At the end of the year, the entire rest of my sponsor team ended up leaving RVA for various reasons. My student leaders were ready to be done, and it was just me and one student leader transferring over to this years new leadership team of adults and students.

I prayed. Prayed with other adults, prayed on my own, asking the Lord to raise up the student leaders he had in mind, and to provide adults to step into the sponsoring role. And BOY did He move.

A while ago was our first Friday lunch meeting with students. We as adults had met a couple of times already, but a couple Fridays ago was the day we met with our new class officers. I hosted lunch at my house, throwing can after can of tomatoes into the crockpot with some chicken, beans, corn and seasoning for a chicken taco soup I hoped would stretch to feed 15 people. We pulled my front porch couch into the living room and locked the dogs out so they wouldn’t nose their way into the cornbread. Adults met students, students met adults! We began our page long agenda…

We talked about how to run a meeting. We talked about the importance of knowing your role on a team, we selected our chairperson for the year. Then the real meeting began.

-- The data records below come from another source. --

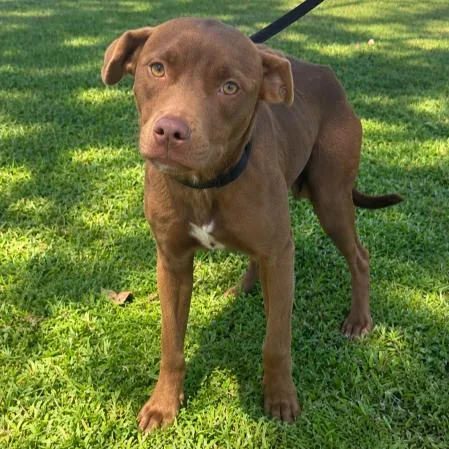 A young medium-sized female Red / Chestnut / Orange Mixed Breed dog named Cayenne for adoption in Buffalo, MN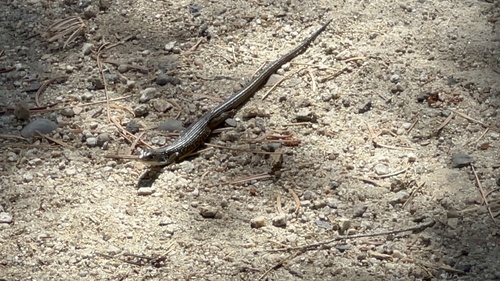 iNaturalist observation photo of Northern Alligator Lizard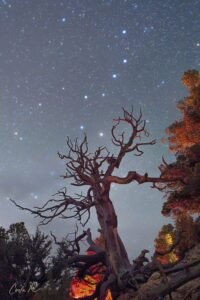 North Rim Embrace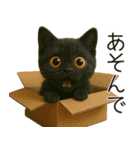 可愛い黒猫の日常スタンプ！3Dリアル（個別スタンプ：20）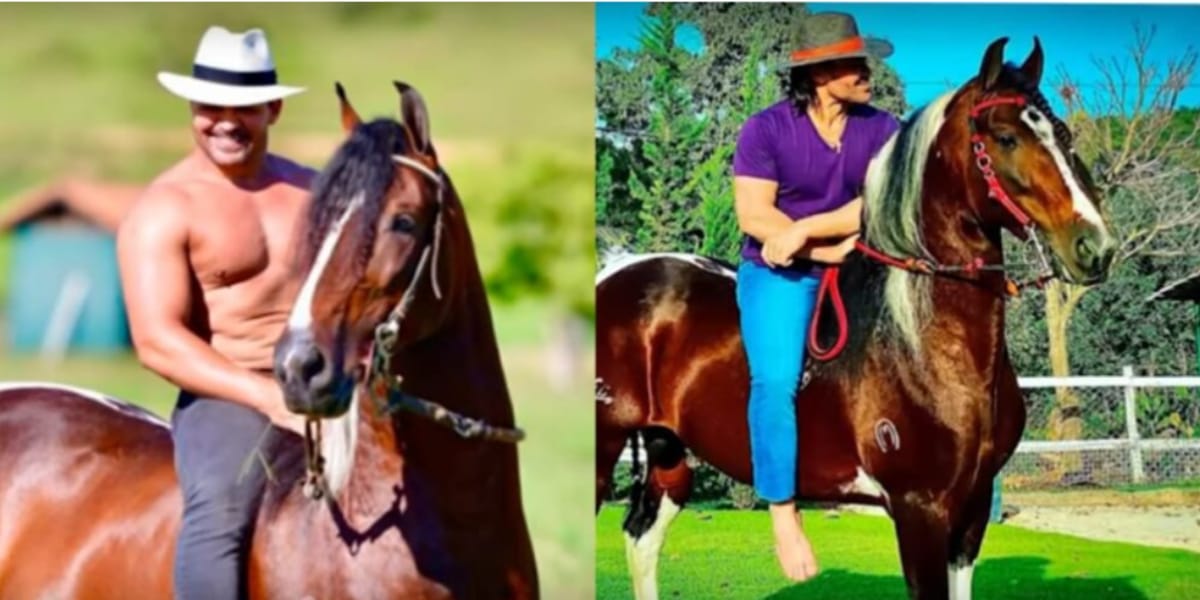 O artista é apaixonado por cavalos e tem uma grande criação (Reprodução: Youtube)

I had asked the students to bring their vision for their class to our meeting written down so together the stage could be set. One by one I had them read or explain what they’d written down. By the time all six of them had shared, I could see tears welling up in the eyes of one of the adults across from me, a lump forming in my own throat.

They spoke of unity, they spoke of honesty, integrity, and growth. No one student said the exact same thing, but the common threads wove together a beautiful picture of the class of 2026 becoming something new, something to be proud of. I’d had on my agenda “choose class verse” but I scratched it off before the meeting started, thinking there wouldn’t be enough time. The second student to share chose her words carefully, “I was praying, asking God to give me a verse for our class… He gave me 2 Corinthians 13:11, ‘Dear Brothers and Sisters, I close my letter with these last words: Be joyful. Grow in maturity. Encourage each other. Live in Harmony and peace. Then the God of love and peace will be with you.”

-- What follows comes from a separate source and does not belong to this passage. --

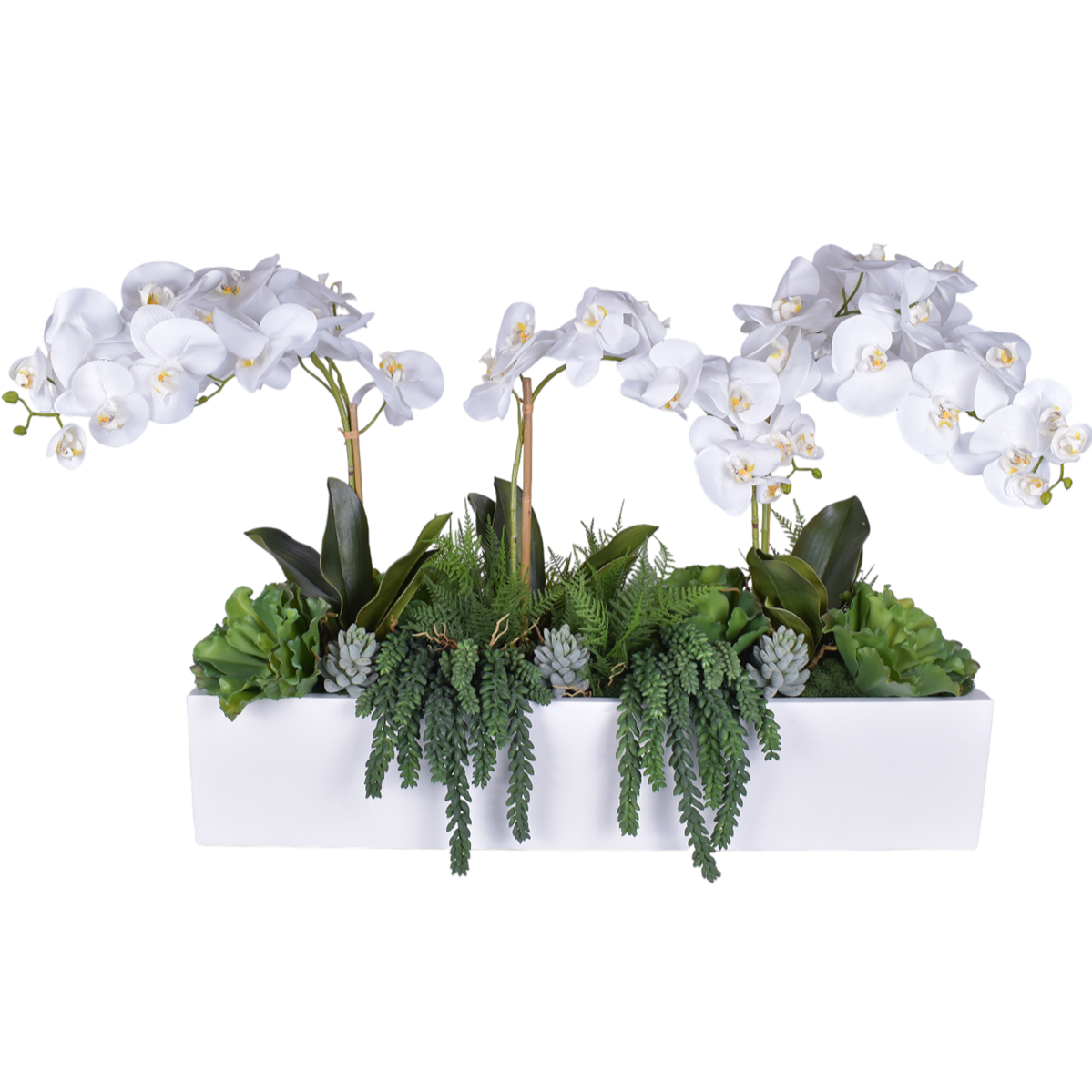 36" White Manhattan with Orchids and Succulents   AR1149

My jaw hit the ground. The leadership in the room was palpable. They talked about bridging friend groups and crossing gender lines. I smiled as I looked at three girls on one couch, three guys on the other. “Okay. C, could you please get up?” I asked. Obliging she did, leaving a gap in the middle of the couch. “Guys, which of you is moving to sit there?” Their eyes bugged. “It’s going to start in here, we’re the leaders, if we can’t do it, it’s not going to happen in the class.”

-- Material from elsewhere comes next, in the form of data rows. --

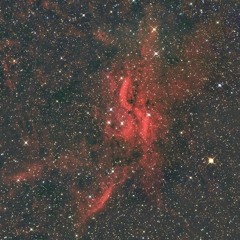 Star Cradle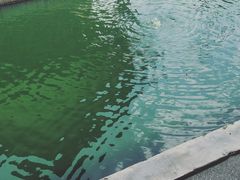 -水都餐厅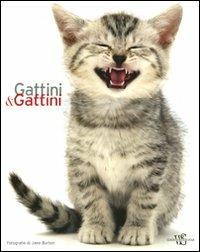 Gattini & gattini. Ediz. illustrata - Jane Burton - Libro White Star 2010, Animali da compagnia | Libraccio.it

The bell for 6th period rang. Scrambling to put bowls in the sink, plates in the garbage, and backpacks over shoulders, my heart sang. God is on the move, and he’s moving in the class of 2026.

When thinking about if I should continue to sponsor, or to be the NHS (National Honors Society) advisor, I decided these students were the ones I wanted to invest in. I thought it might mean more to them if I stayed with their class, than to the continually rotating group of NHS upperclassman if I stayed invested there. I’m excited to watch these young people grow as leaders as they serve their peers. I’m excited about who was in the room, each person brought specifically to contribute to the growth, leadership and discipleship of this class. I’m excited I get to be a part of this crazy life God has brought me, and I’m excited I get to share a tiny piece of it with you.

Would you pray 2 Corinthians 13:11 over our RVA class of 2026?